** Recorded information **

╭──

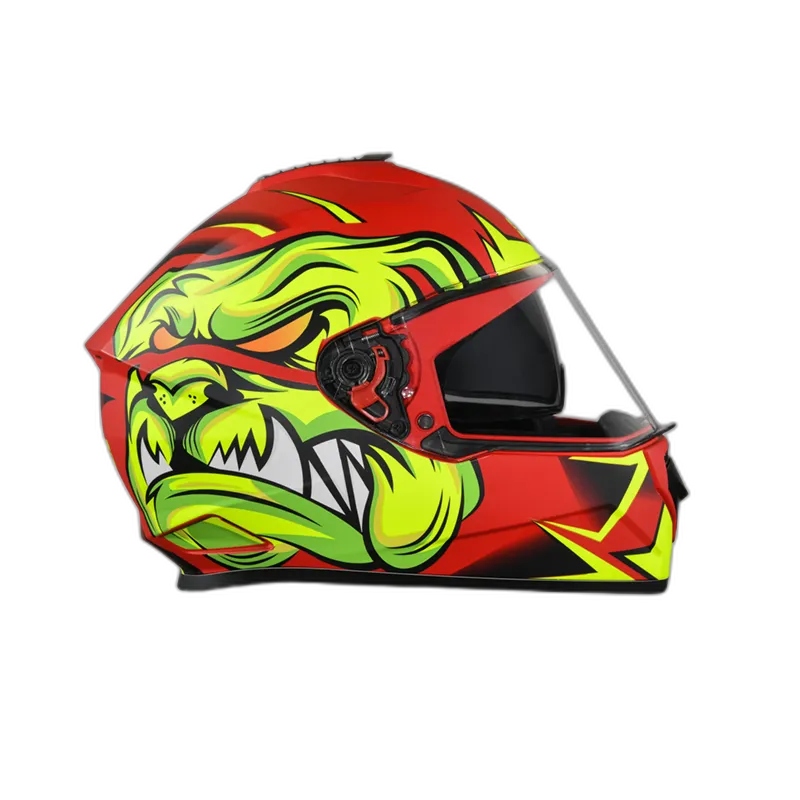 STUDDS Drifter D1 Matt Red N5 Full Face Helmet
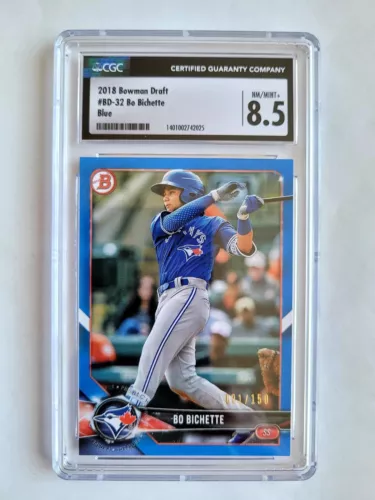 2018 TOPPS BOWMAN DRAFT BLUE BO BICHETTE RC! 1/150! CGC 8.5! 1/1! FIRST ONE!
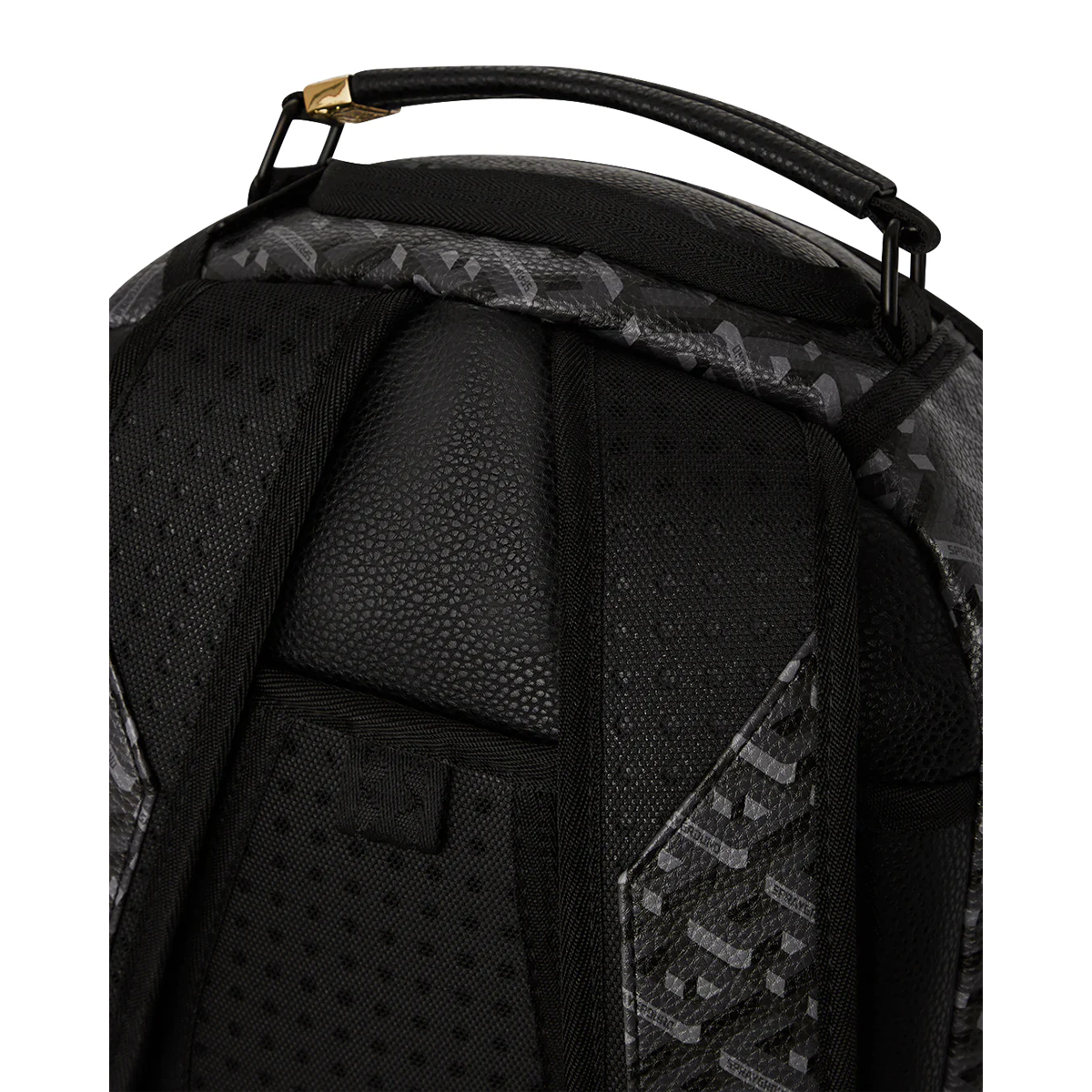 Sprayground Zaino 3DSG Blackout Limited Edition - 8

╰──

** Task description **
The answer is every line of the data, exactly as written, with the pictures dropped.

** Response box **
 STUDDS Drifter D1 Matt Red N5 Full Face Helmet
 2018 TOPPS BOWMAN DRAFT BLUE BO BICHETTE RC! 1/150! CGC 8.5! 1/1! FIRST ONE!
 Sprayground Zaino 3DSG Blackout Limited Edition - 8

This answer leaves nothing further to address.